*The task:* Write out the entries exactly. None of the pictures should appear in the copy.

*Supplied information:*
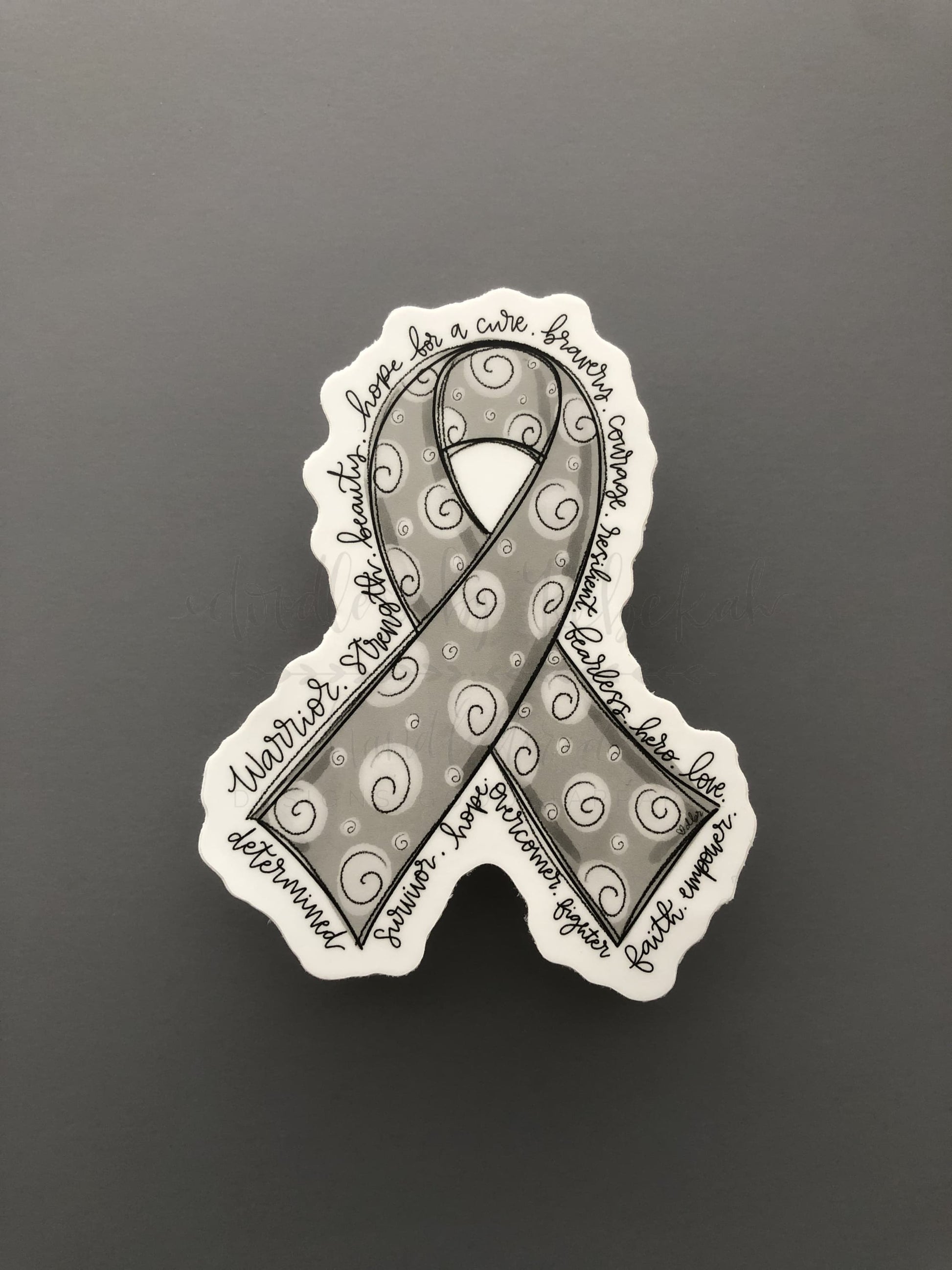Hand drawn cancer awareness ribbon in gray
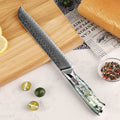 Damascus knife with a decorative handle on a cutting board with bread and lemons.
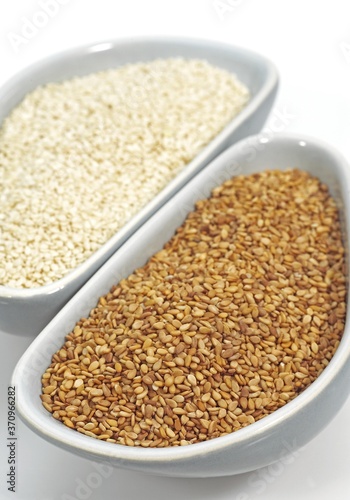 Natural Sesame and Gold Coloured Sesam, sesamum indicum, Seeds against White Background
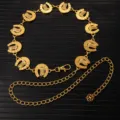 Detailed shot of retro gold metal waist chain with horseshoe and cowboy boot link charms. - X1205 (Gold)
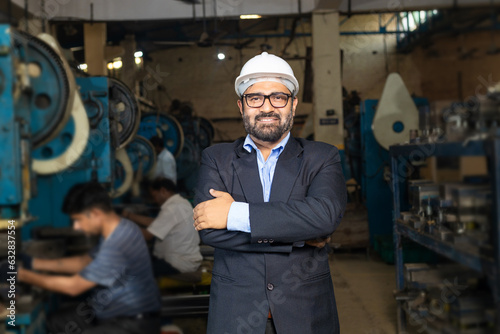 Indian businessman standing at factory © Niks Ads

*Exercise answer:*
Hand drawn cancer awareness ribbon in gray
 Damascus knife with a decorative handle on a cutting board with bread and lemons.
 Natural Sesame and Gold Coloured Sesam, sesamum indicum, Seeds against White Background
 Detailed shot of retro gold metal waist chain with horseshoe and cowboy boot link charms. - X1205 (Gold)
 Indian businessman standing at factory © Niks Ads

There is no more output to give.